DATA:

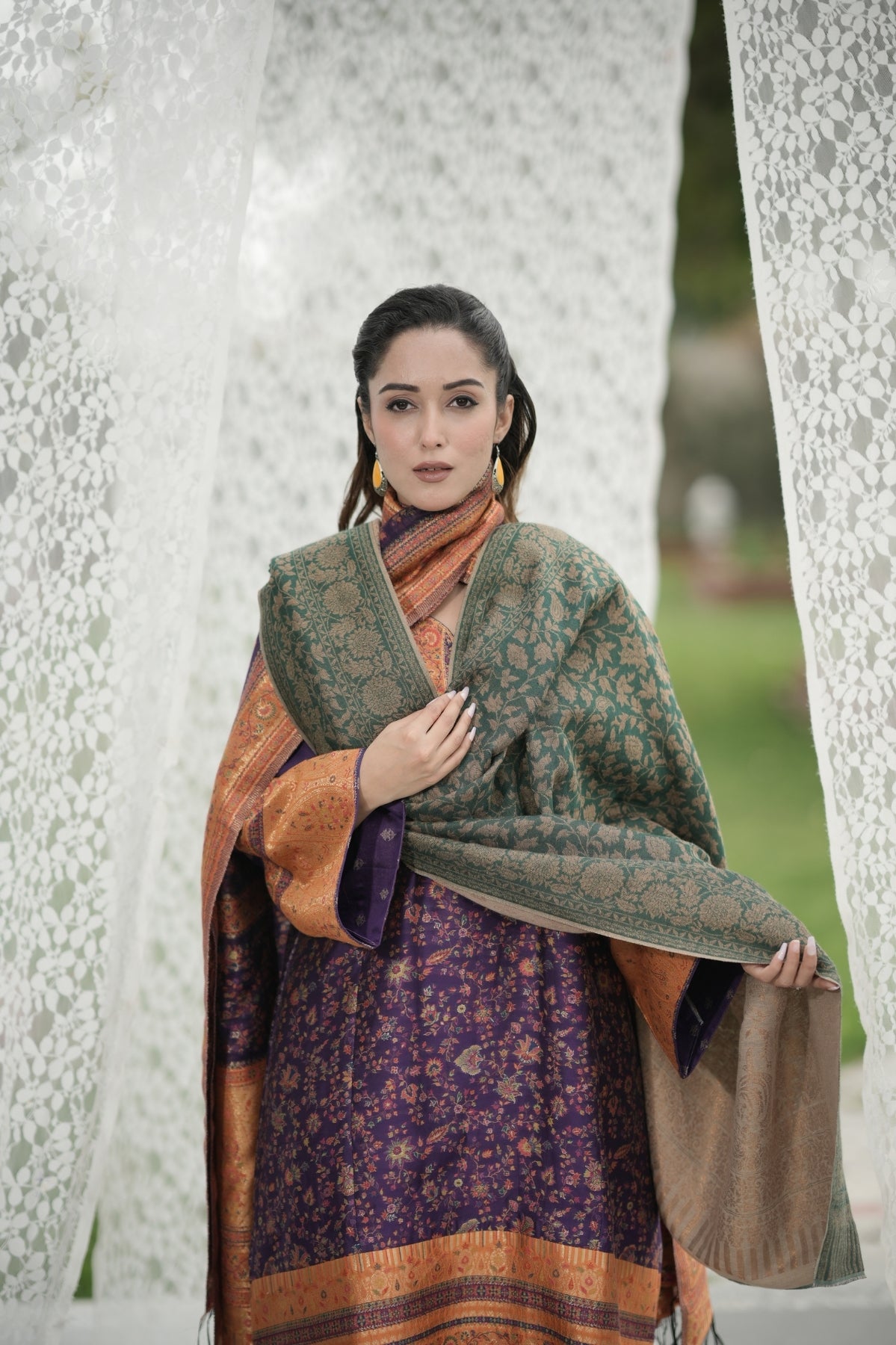 Reversible Kani Shawl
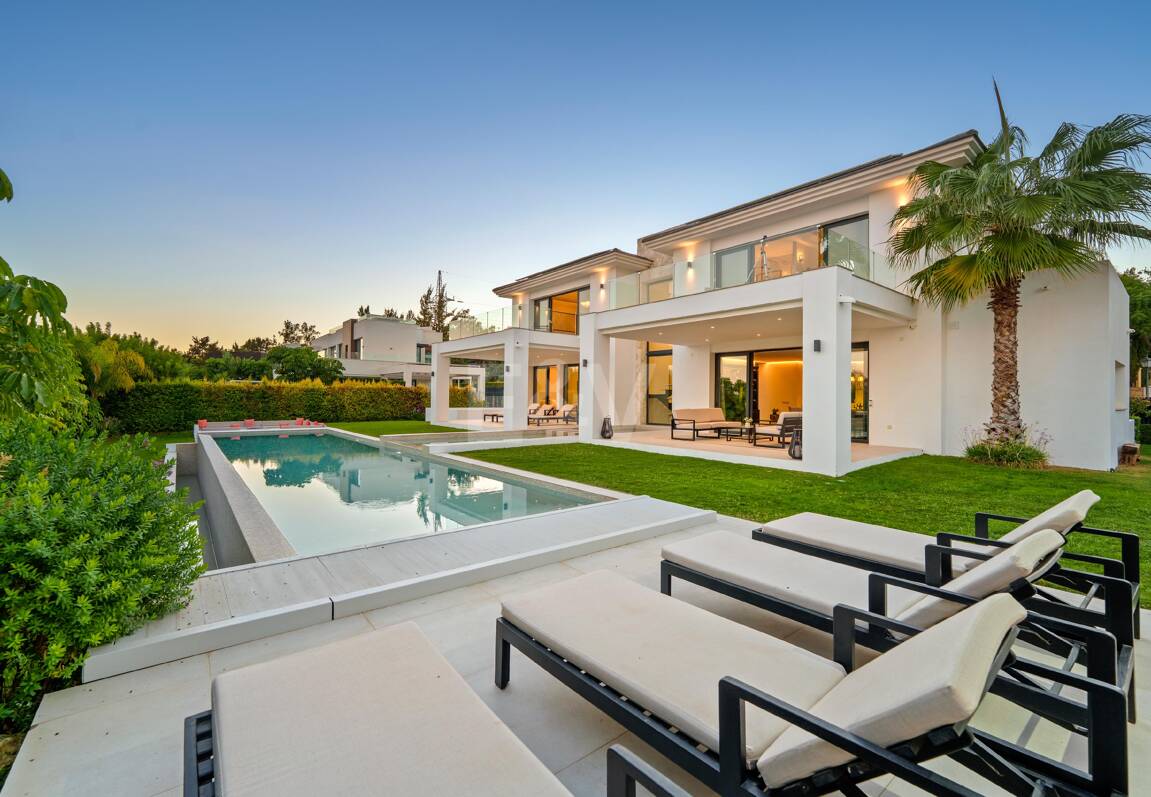 Villa Contemporánea de Lujo con Vistas Abiertas y Amenidades Exclusivas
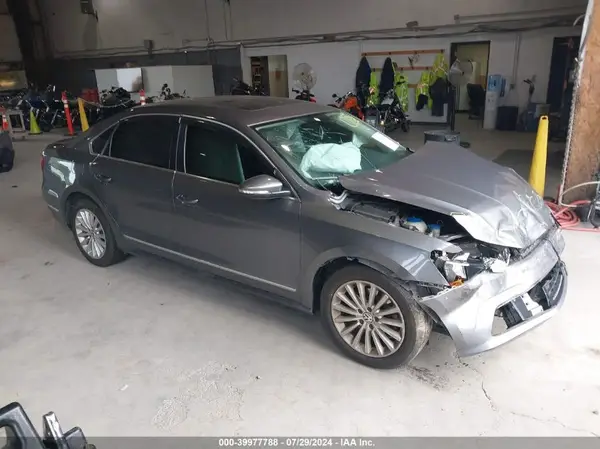 1VWBT7A35GC011129 2016 VOLKSWAGEN PASSAT - Image 1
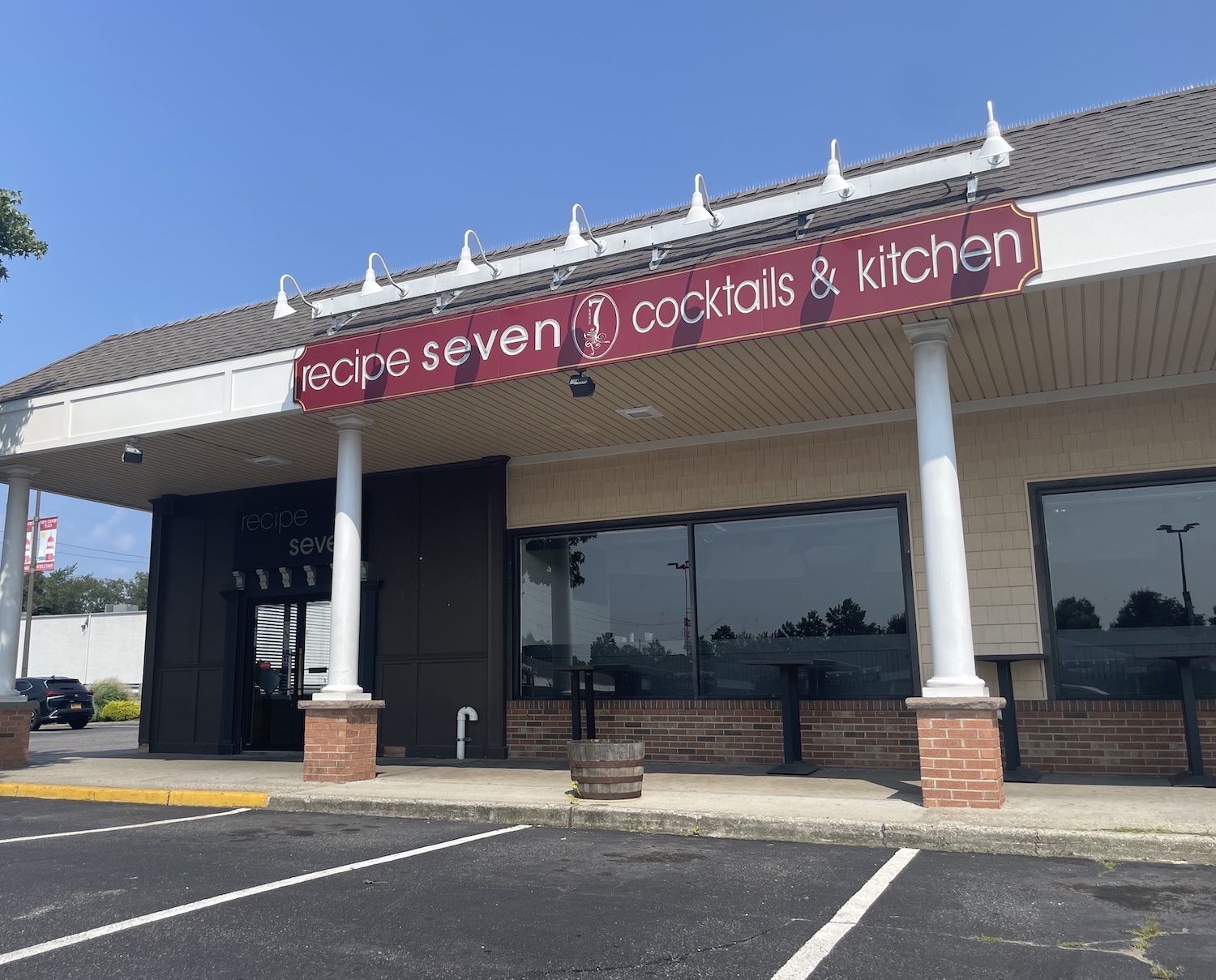 Daisy’s Nashville Lounge Opening 2nd Location at Old Recipe 7 Spot 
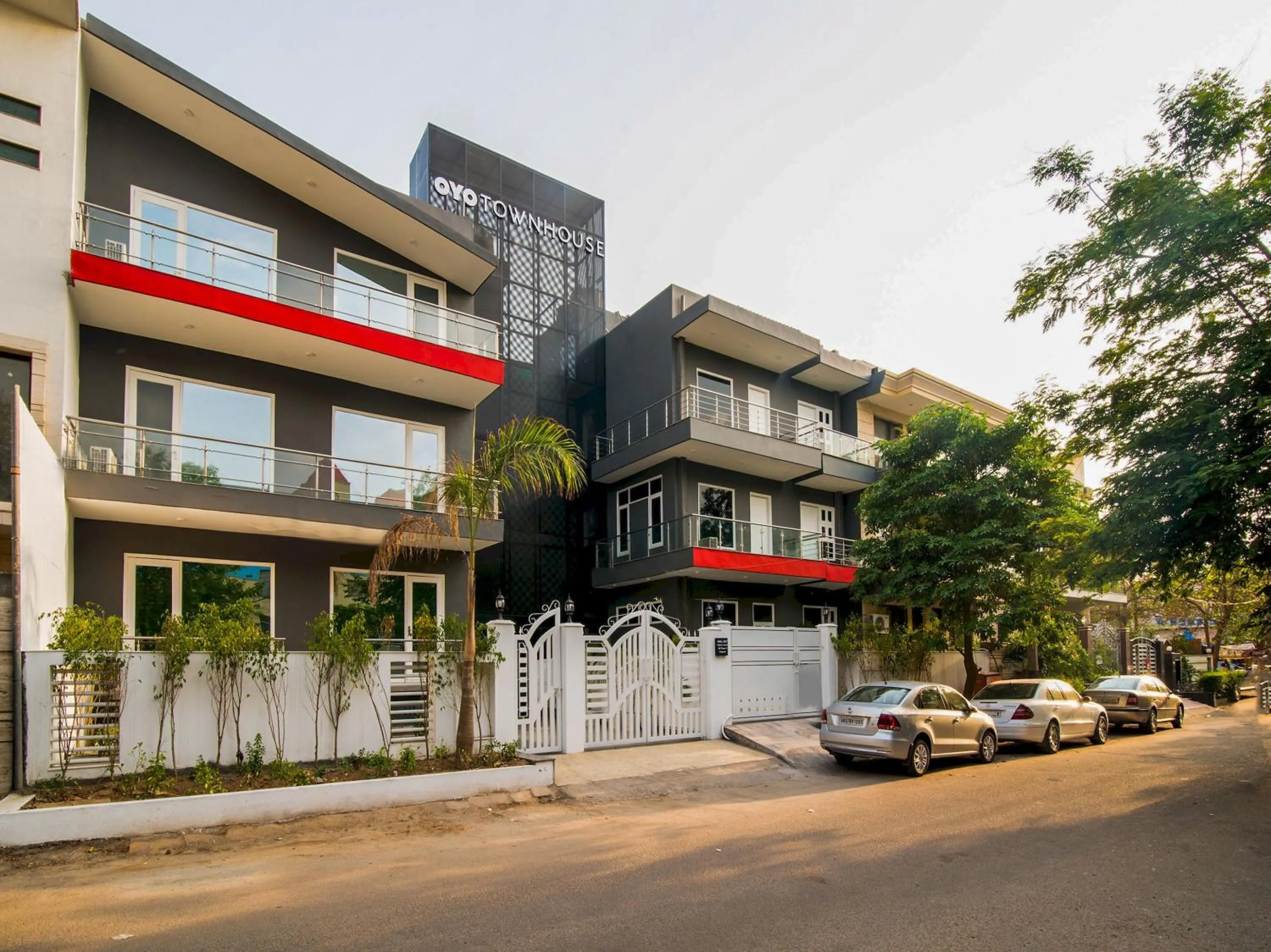 Facade/entrance in Super Townhouse Galleria Market Near Golf Course Road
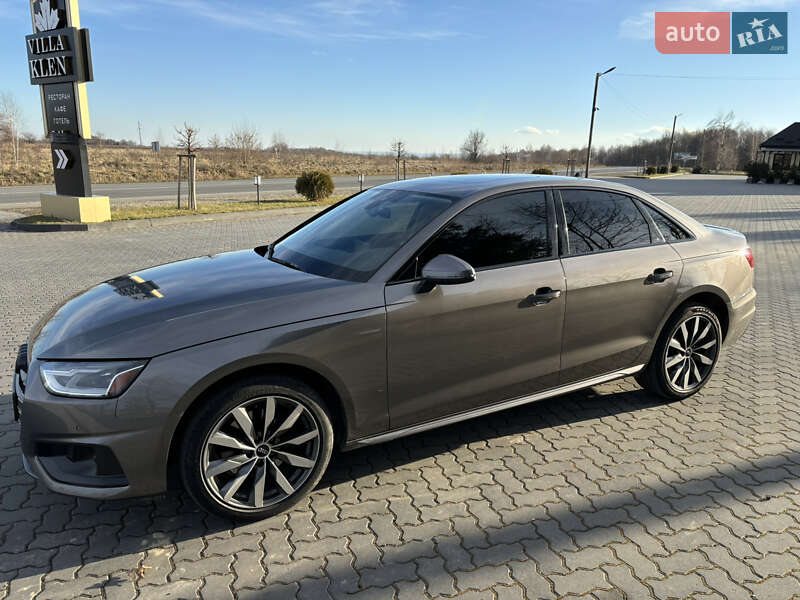 Седан Audi A4 2021 в Коломиї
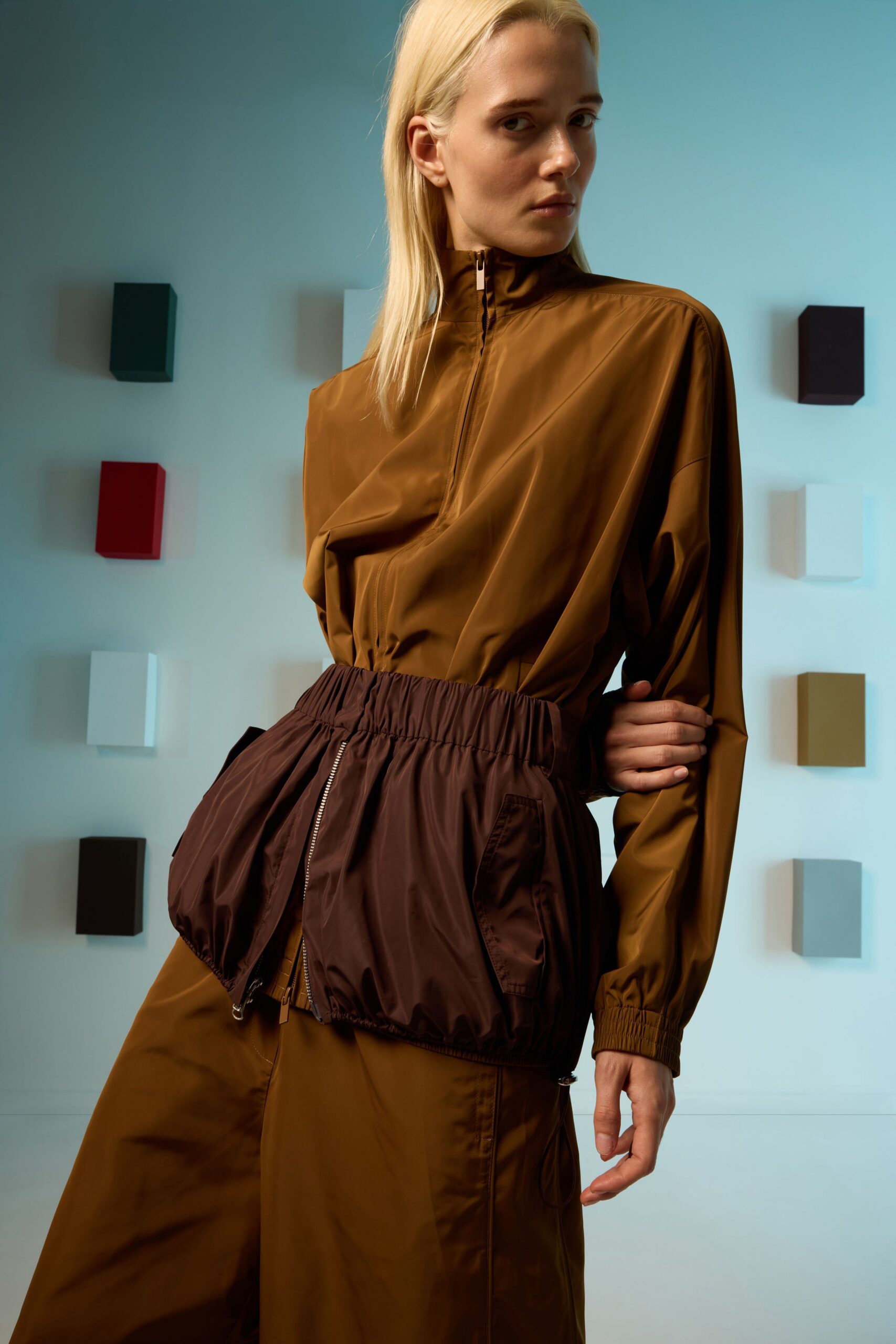 brown vinyl long-sleeve collared relaxed zippered pockets jacket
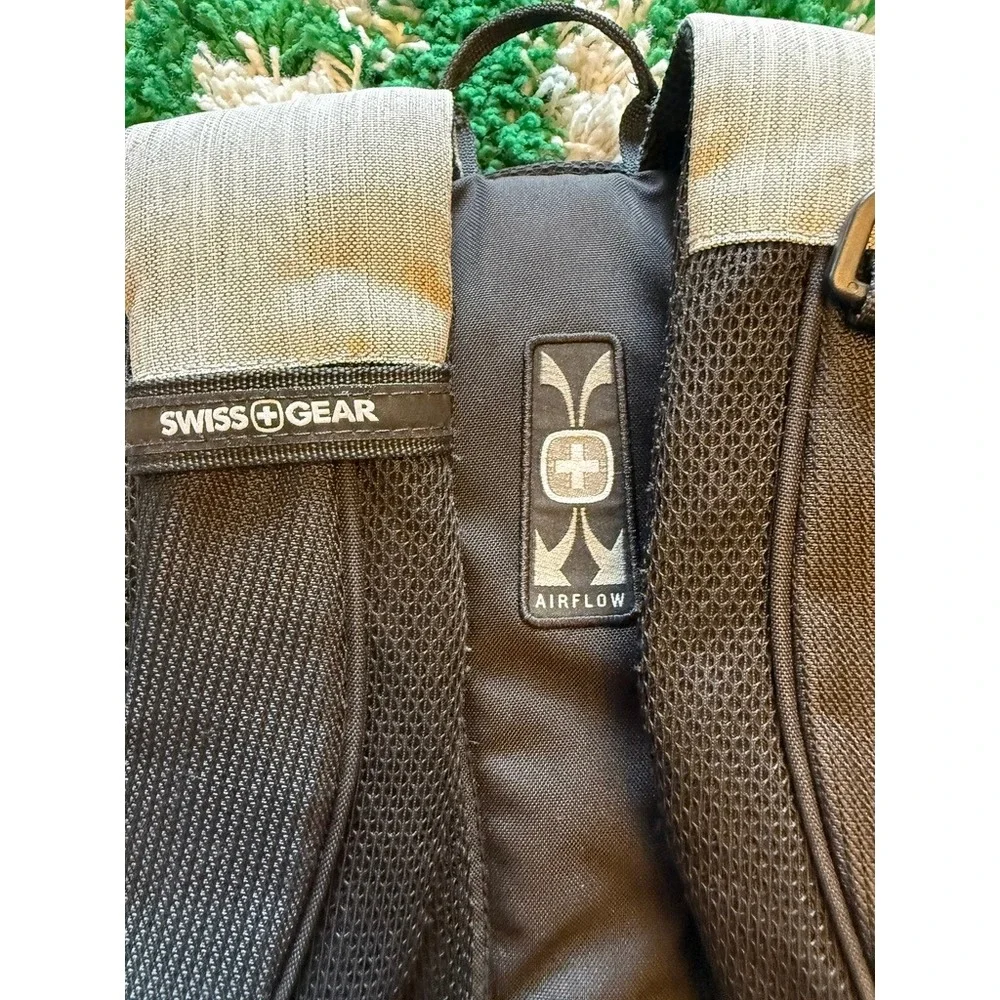 SwissGear Airflow Backpack Unisex Large Grey Black Good Multi-Pocket Travel Bag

WHAT THE EXERCISE ASKS:
Give again, exactly, each line from the one that contains "Седан Audi A4 2021 в Коломиї" through the last line of the material above. Pictures do not belong in the copy.

RESPONSE:
 Седан Audi A4 2021 в Коломиї
 brown vinyl long-sleeve collared relaxed zippered pockets jacket
 SwissGear Airflow Backpack Unisex Large Grey Black Good Multi-Pocket Travel Bag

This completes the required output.